Eigentlich ist die Geschichte sehr einfach. Fast zu einfach. Im Jahr 1928 steht ein Mann im New Yorker Regen und blickt hinauf zur Fassade eines Hauses, an dem der Schriftzug des Verlags „Charles Scribner’s Sons“ steht. Nicht die reichste Adresse, aber für den, der im Regen steht, eine letzte Hoffnung. Es ist der 28-jährige, bisher ungedruckte Schriftsteller Thomas Wolfe.

Drinnen in seinem verrauchten Verlagskontor sitzt Mister Perkins, der Lektor, und liest. Er macht Striche und Anmerkungen in Manuskripten, das ist sein Alltag – wenngleich er ein bisschen mehr ist als nur eine graue Kanzleilesemaus. Hat er doch so schon F. Scott Fitzgerald oder Ernest Hemingway zu ihren ersten Büchern verholfen. Da haut ihm das Schicksal namens Verlagspost tausend Seiten Typoskript auf den Tisch.

Der Packen hat es in sich

Das wäre noch immer nicht furchtbar spannend. Denn natürlich ist klar, dass es dieser Packen in sich hat. Der Lektor residiert in einer Vorortvilla, neuenglischer Kolonialstil im weitläufig Grünen, mit Gattin und fünf entzückenden Töchtern. Die freilich kriegen wenig ab von Dads Aufmerksamkeit, weil Perkins bereits während der feierabendlichen Zugfahrt heraus aus Manhattan begonnen hat, sich im Sirenengesang jenes engzeilig geschriebenen Romantyposkripts mit dem nicht eben umwerfenden Titel „O Lost“ zu verlieren. Um den Autor Thomas Wolfe zu gewinnen.

„Genius“ heißt der Film, der so eher harmlos und voraussehbar seinen Anfang nimmt. Der 53-jährige Brite Michael Grandage hat als Regisseur und Intendant bisher vor allem fürs Theater gearbeitet, „Genius“ ist nun seit später Debütfilm. Dabei stützt er sich auf den kalifornischen Drehbuchprofi John Logan, der bereits für „Aviator“, Martin Scorseses „Hugo Cabret“ sowie zwei James-Bond-Filme von Sam Mendes die Scripts geliefert hat. Die Vorlage für den aktuellen Film war übrigens Scott Bergs Biografie „Max Perkins: Editor of Genius“.

Eine furiose Arie

Also nur ein weiteres filmisches Biopic, aus der Perspektive einer (scheinbaren) Nebenfigur erzählt, was in jüngerer Zeit schon Anton Corbijn in „Life“ mit dem Fotografen Dennis Stock und dem werdenden Filmstar James Dean vorgeführt hat?

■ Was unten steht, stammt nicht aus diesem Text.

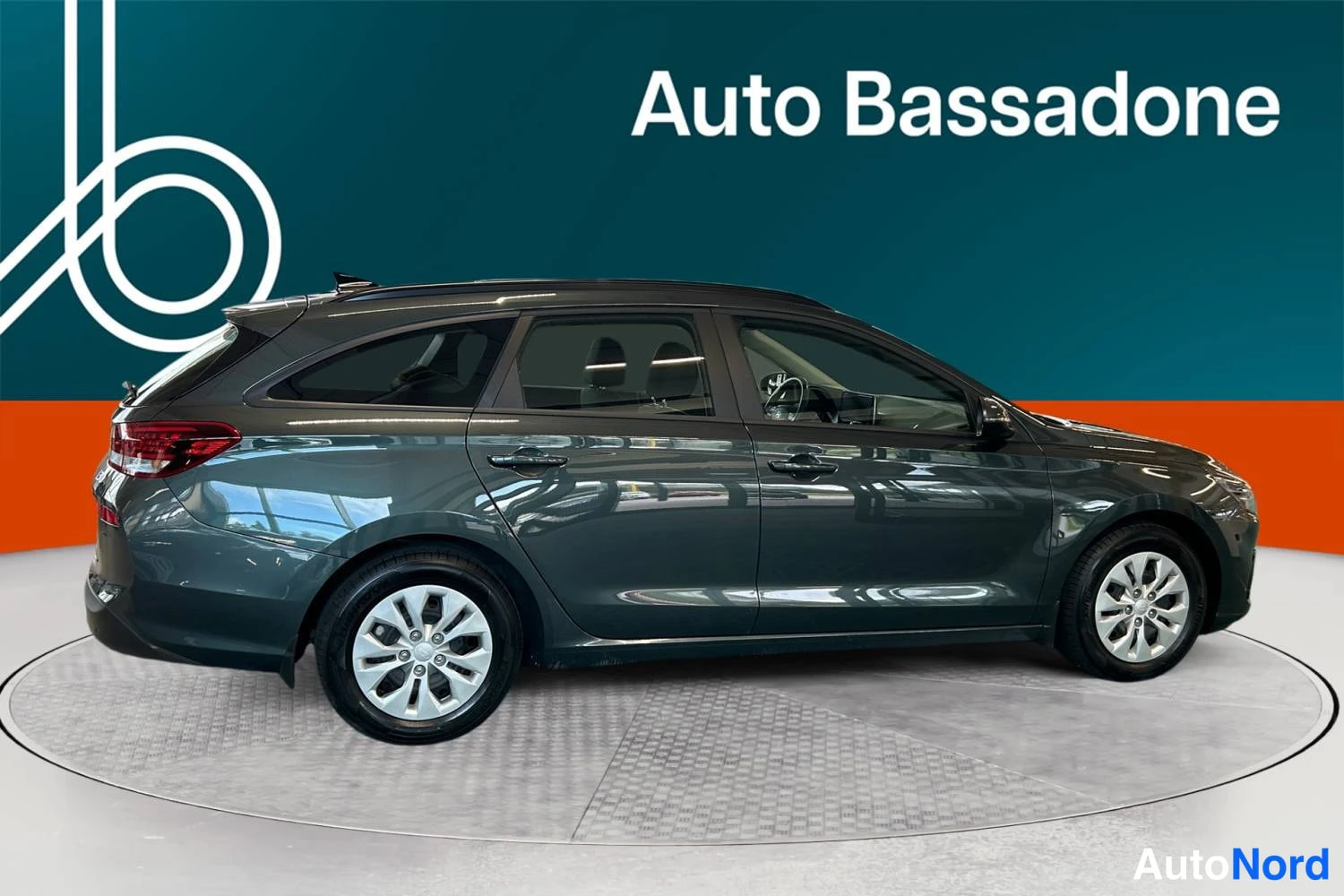 Harmaa Hyundai I30 2025, sivulta, kuva 5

Stimmt nicht so ganz. Als an Max Perkins nächstem Arbeitstag der Verfasser von „O Lost“ in sein Büro tritt, explodiert ein Vulkan. Jude Law spielt das leicht verschwitzte, verstrubbelte Junggenie nicht nur mit der heiligen Verzweiflung des bisher von allen anderen New Yorker Verlagen Abgewiesen, sondern stimmt eine furiose Arie an: auf Poesie und Leidenschaft, auf den magisch mitreißenden Strom von Worten und den Rausch der die amerikanischen Weiten und menschlichen Seelen flutenden Sätze und nicht endensollenden Absätze.

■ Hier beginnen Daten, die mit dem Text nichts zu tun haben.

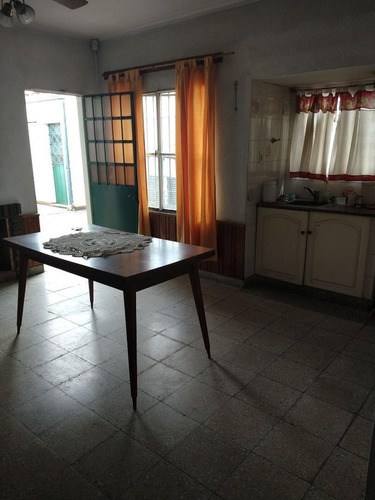 Imagen 14 de 27 de Venta Casa 2 Dormitorios, Garage Y Patio En Tolosa 530 Y 117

Laws alias Wolfes raumgreifende Gesten und das Stakkato seiner Sprache befeuert ein Pathos, das weniger von der großen Oper herrührt, vielmehr vom Rhythm and Swing des afroamerikanischen Jazz, und später wird er seinen intellektuell viel gefassteren, puritanischeren Lektor statt zum Familienausflug in einen Harlemer Club verführen: wo der weiße Wolfe auf die Musik und die schwarzen Girls fliegt und Perkins („Ich habe keine Beziehung zur Musik“) immerhin mal mit der Fußspitze wippt, unterm Tisch.

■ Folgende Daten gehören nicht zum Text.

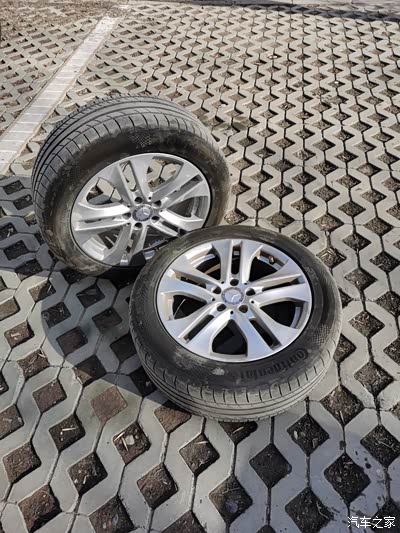 出17寸轮胎一套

Natürlich wird aus „ O Lost“, von Perkins im Kampf mit dem Autor um 300 Seiten gekürzt, 1929 Wolfes Debüterfolg „Look Homeward, Angel“ („Schau heimwärts, Engel“). Die stark autobiografisch gefärbte, sprachmächtige Saga der im Südsaatenstädtchen Altamont siedelnden Familie Gant gilt seitdem als Great American Novel, wie kurz zuvor Fitzgeralds „Großer Gatsby“ oder gleich danach William Faulkners „Licht im August“.

Thomas Wolfe avanciert zum Schwarm der New Yorker Gesellschaft, und seine ihn unterstützende Geliebte Aline Bernstein (Nicole Kidman) sagt Perkins voraus, dass Wolfe auch ihn als Partner und Freund bald verlassen wird. Sie ist, ähnlich wie Perkins’ eigene Frau Louise (Laura Linney), eifersüchtig auf die beiden schier unzertrennlichen Männer. Auch die Arbeit an Wolfes zweitem Erfolgsroman „Von Zeit und Strom“, den Perkins von 5000 auf etwa 1200 Seiten bringt, lässt anderen in ihrem Leben keinen Raum mehr.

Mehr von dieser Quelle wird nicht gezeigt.